Machine Learning Engineer, Liftoff Mobile
Yunshi Zhao is a Machine Learning Engineer at Liftoff, a mobile app optimization platform for marketing and monetizing apps at scale. Her responsibilities range from researching and training models to deployment and monitoring models in production. She is also part of the diversity, equity, and inclusion (DEI) committee at Liftoff, focusing on representation in engineering. Before transitioning to startup life, she worked as a data scientist and aerospace engineer. Here, she talks about machine learning development, best practices, use cases, and ML in production.
What is Liftoff’s mission as a company and what made you want to join the team?
Liftoff Mobile is a technology and programmatic advertising company. The organization has a lot of products in different areas of the advertising technology ecosystem, especially in the wake of our merger with Vungle last year. But the main mission is to help mobile apps grow and monetize.
I really like the vertically integrated system where you get to do everything along the model lifecycle. At most companies, you’re hired to do data science and model development. But then you hand that off to a different engineer to deploy it. At Liftoff, the ML group does it all and that was really appealing to me.
How did you train for this role and what are your tips for anyone interested in transitioning into AI?

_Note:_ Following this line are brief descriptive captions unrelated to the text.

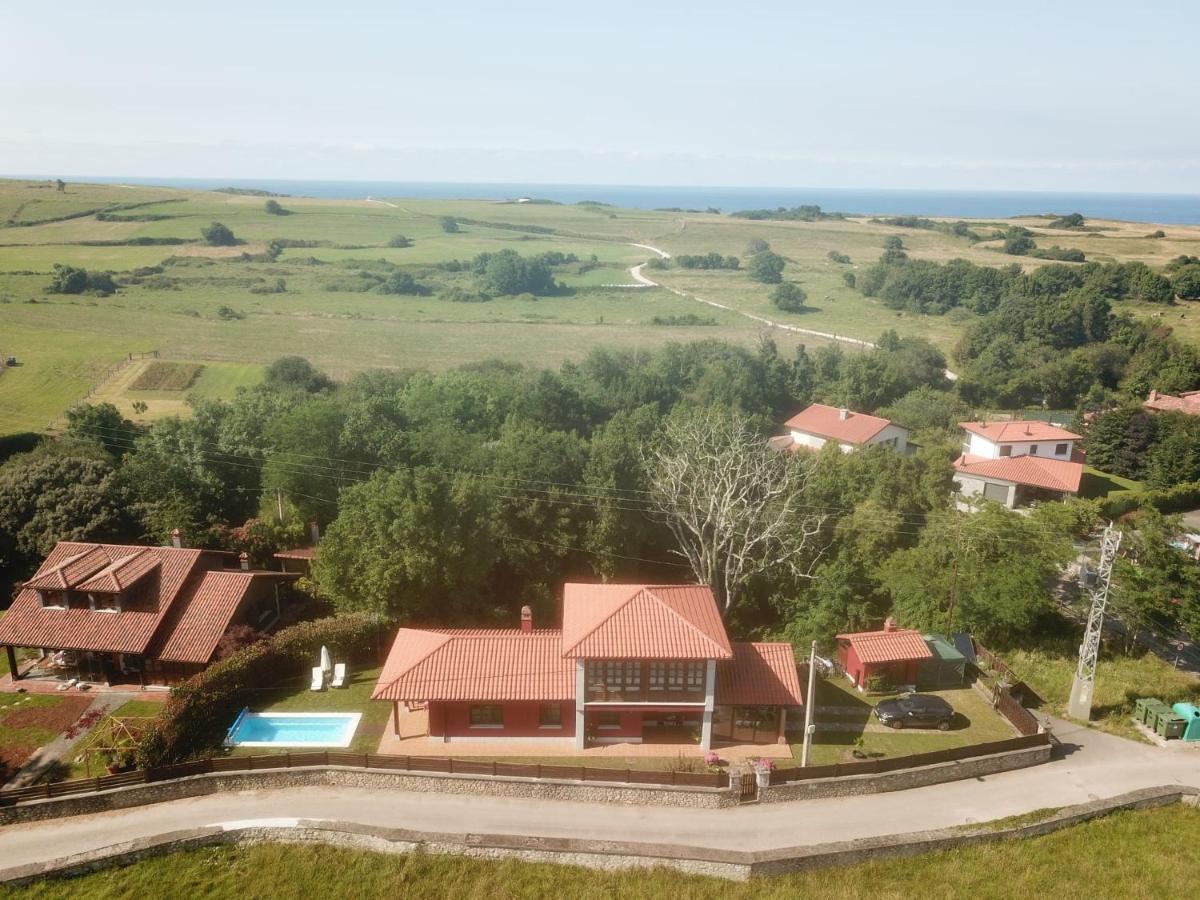 La Casa Roja Asturias Vila Hontoria Exterior foto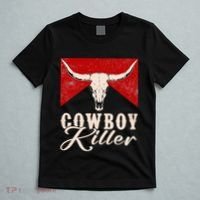 Killers Vintage Cowboy Western Rodeo Bull Skull T-Shirt thumb 5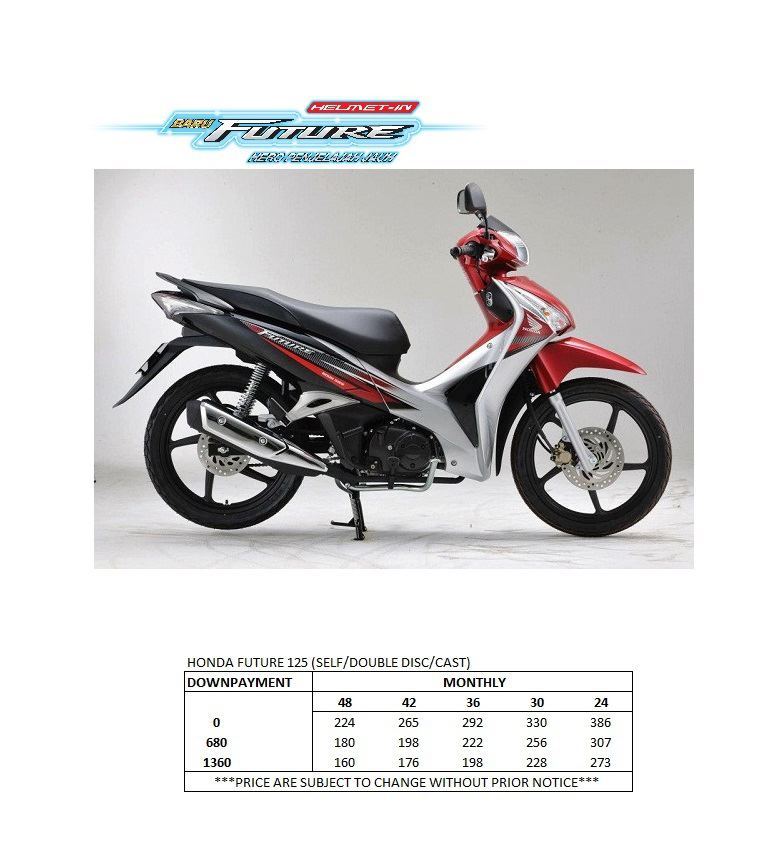 Honda Future 125 (Elect/Double Disc/Cast)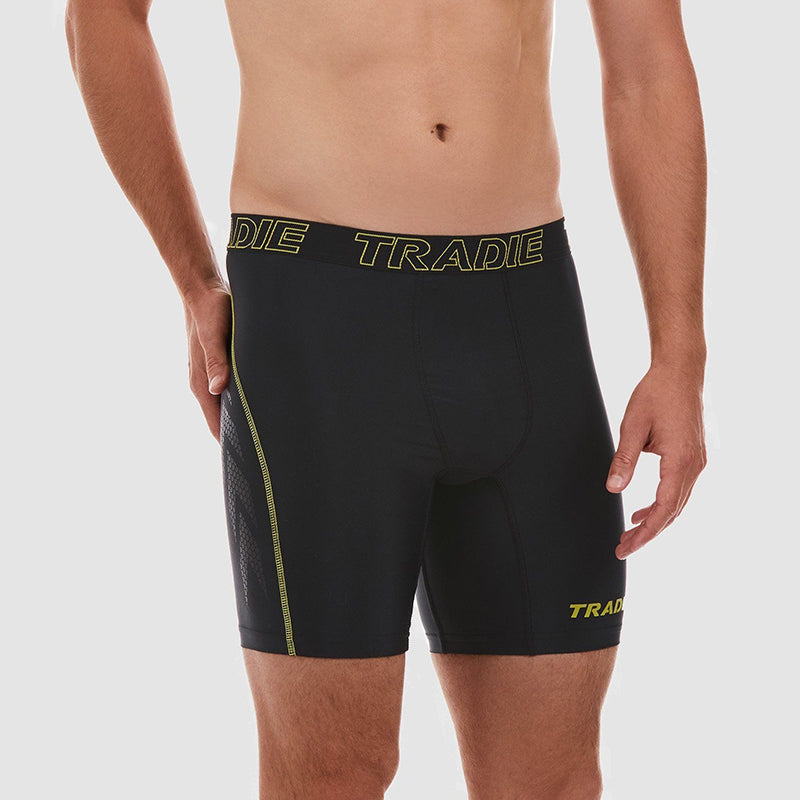 Tradie Mens Compression Trunk_Black - MJ1722SA -Black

Luckily, my previous job in aerospace engineering used a lot of the same math, so I would say anyone with a strong math background would have an easier time making the transition to being a machine learning engineer (MLE). For the programming part, there are so many online resources to help ramp up on the software and there’s also such a big community of people you can ask for help. If you don’t have the math background, you can always start with something that’s not as heavy on the programming part. Data science and data analytics are good starting points and then you can slowly work your way up to MLE. I think of this progression as a video game, where you advance through all the different levels.
What vertical are you focused on at Liftoff and what does your day-to-day look like?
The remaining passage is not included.